**EXERCISE MATERIAL**.
____

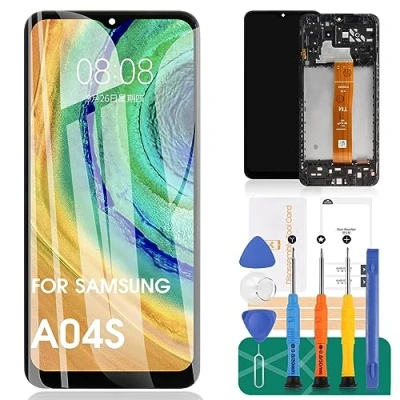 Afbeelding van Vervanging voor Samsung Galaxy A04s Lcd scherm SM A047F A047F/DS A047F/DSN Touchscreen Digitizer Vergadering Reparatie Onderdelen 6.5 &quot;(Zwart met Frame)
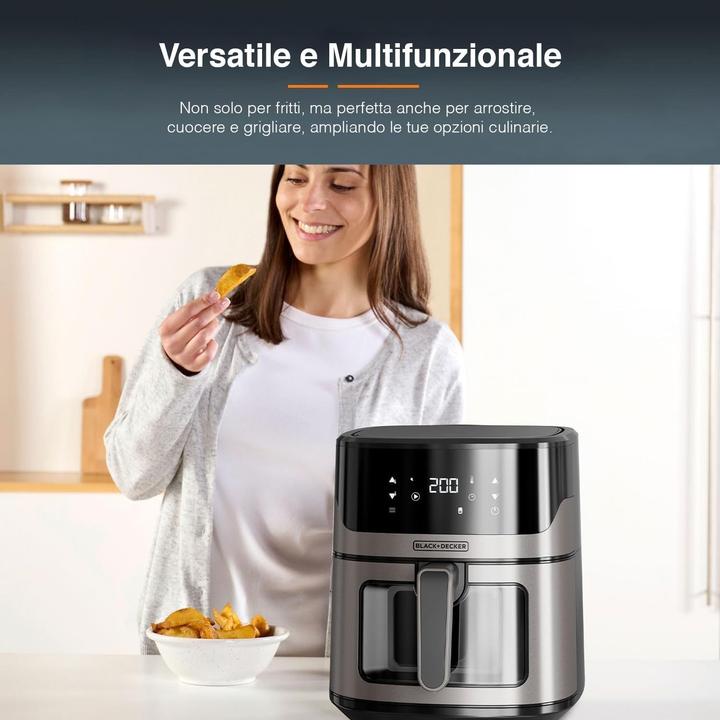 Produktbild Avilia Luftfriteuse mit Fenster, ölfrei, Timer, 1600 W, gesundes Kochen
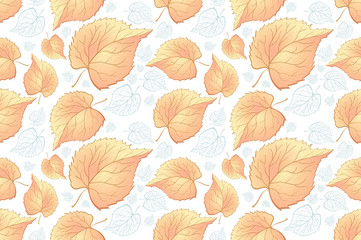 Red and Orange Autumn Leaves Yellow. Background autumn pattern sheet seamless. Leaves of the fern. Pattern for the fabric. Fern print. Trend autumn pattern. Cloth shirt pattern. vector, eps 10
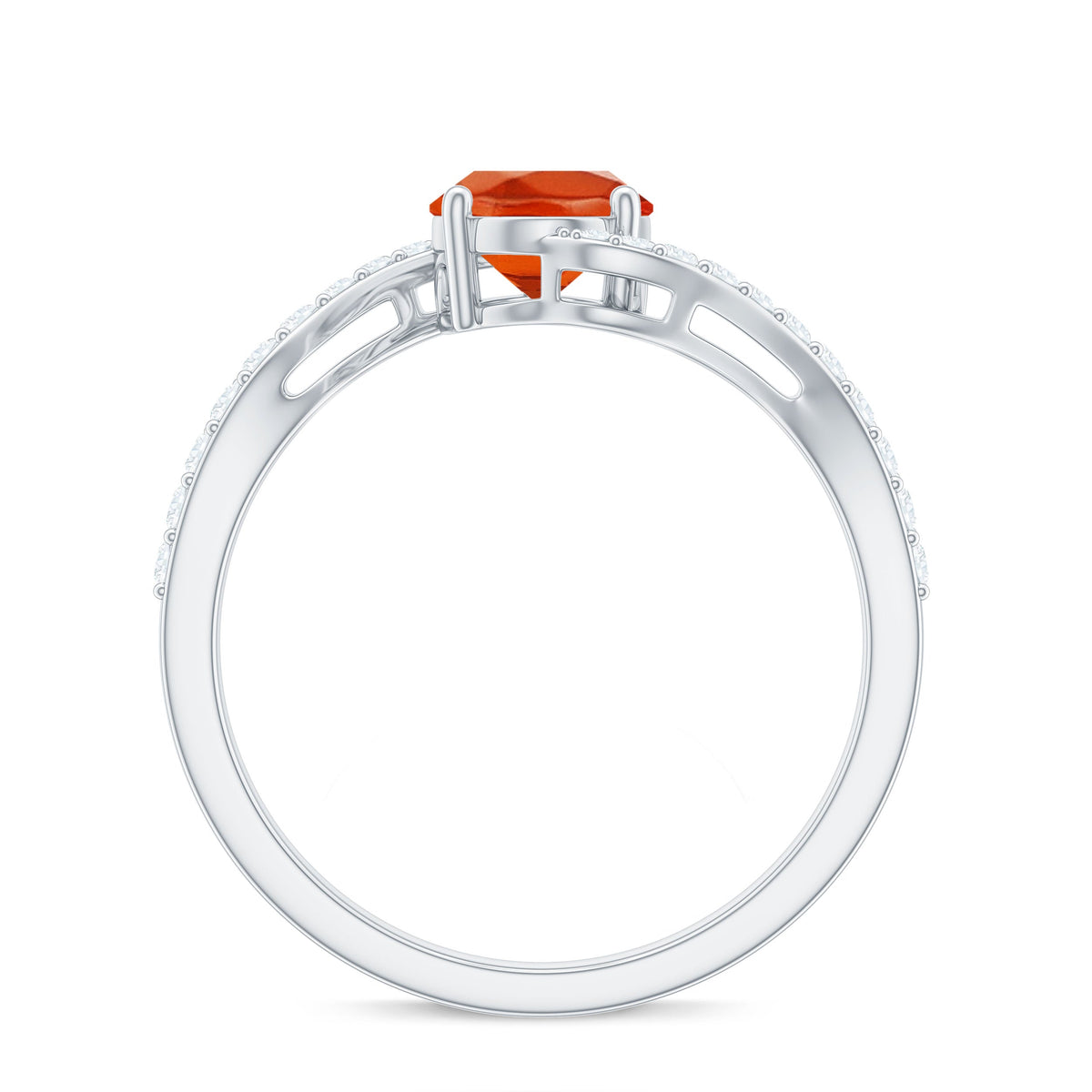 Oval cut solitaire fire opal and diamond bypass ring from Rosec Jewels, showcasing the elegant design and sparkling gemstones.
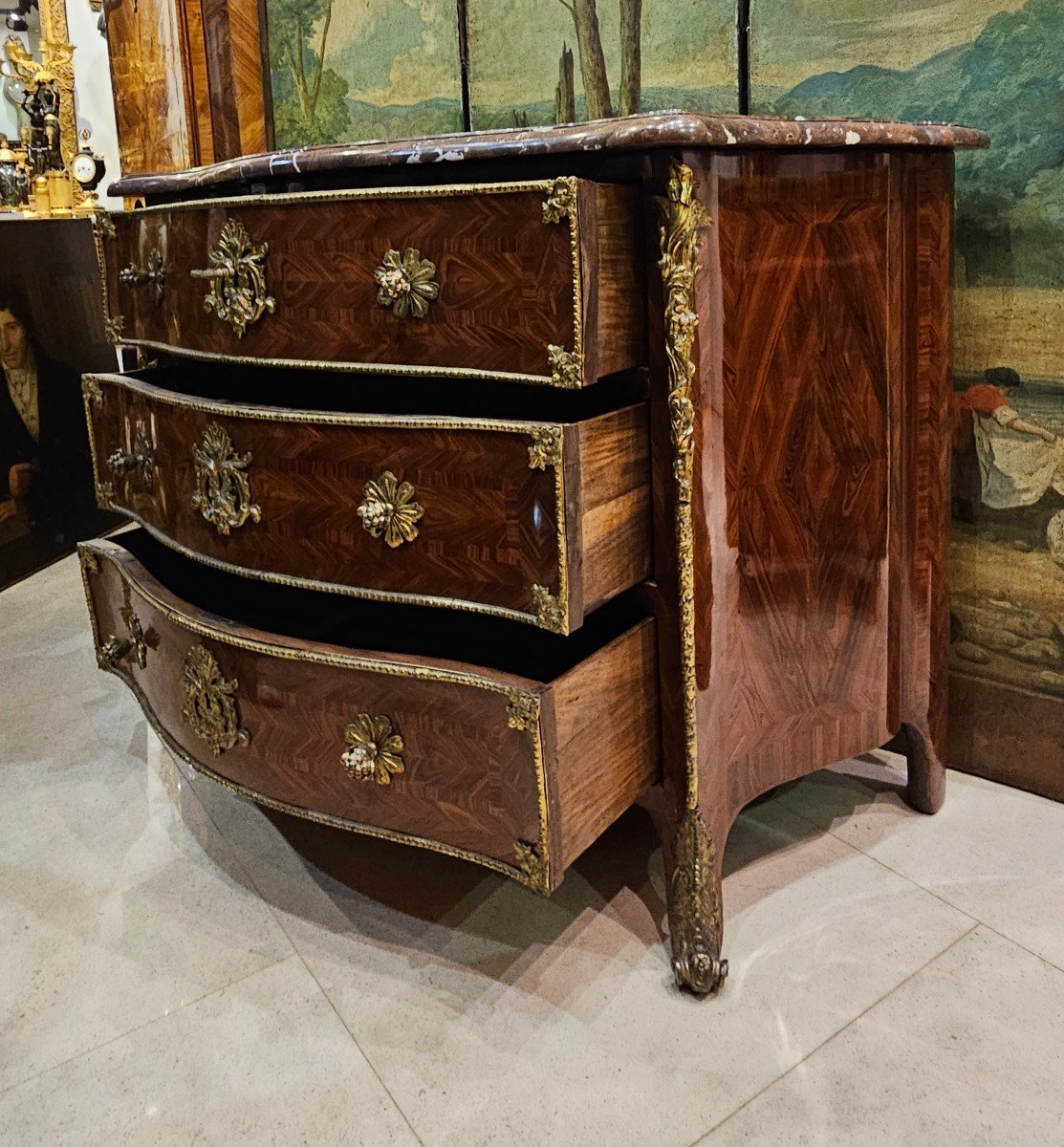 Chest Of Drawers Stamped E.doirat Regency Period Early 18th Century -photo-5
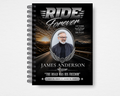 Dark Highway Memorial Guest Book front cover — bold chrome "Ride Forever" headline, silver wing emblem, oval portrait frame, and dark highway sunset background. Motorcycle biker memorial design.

____

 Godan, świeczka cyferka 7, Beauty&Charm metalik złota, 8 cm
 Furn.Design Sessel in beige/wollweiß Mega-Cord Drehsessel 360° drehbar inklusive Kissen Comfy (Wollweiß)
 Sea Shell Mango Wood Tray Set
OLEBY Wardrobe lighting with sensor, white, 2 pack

____

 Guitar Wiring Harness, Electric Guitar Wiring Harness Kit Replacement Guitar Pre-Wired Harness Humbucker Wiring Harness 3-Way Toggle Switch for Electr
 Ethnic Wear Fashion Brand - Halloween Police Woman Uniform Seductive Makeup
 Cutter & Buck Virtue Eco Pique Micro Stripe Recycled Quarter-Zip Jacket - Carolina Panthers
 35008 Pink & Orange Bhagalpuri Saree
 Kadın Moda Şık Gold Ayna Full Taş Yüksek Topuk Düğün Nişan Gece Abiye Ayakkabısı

____

**TRY IT**.
A clean copy is needed of the lines in the listing above from the one with "Oval cut solitaire" through the one with "Dark Highway Memorial", exact in every word and free of pictures.

**EXERCISE SOLUTION**.
 Oval cut solitaire fire opal and diamond bypass ring from Rosec Jewels, showcasing the elegant design and sparkling gemstones.
 Chest Of Drawers Stamped E.doirat Regency Period Early 18th Century -photo-5
 Dark Highway Memorial Guest Book front cover — bold chrome "Ride Forever" headline, silver wing emblem, oval portrait frame, and dark highway sunset background. Motorcycle biker memorial design.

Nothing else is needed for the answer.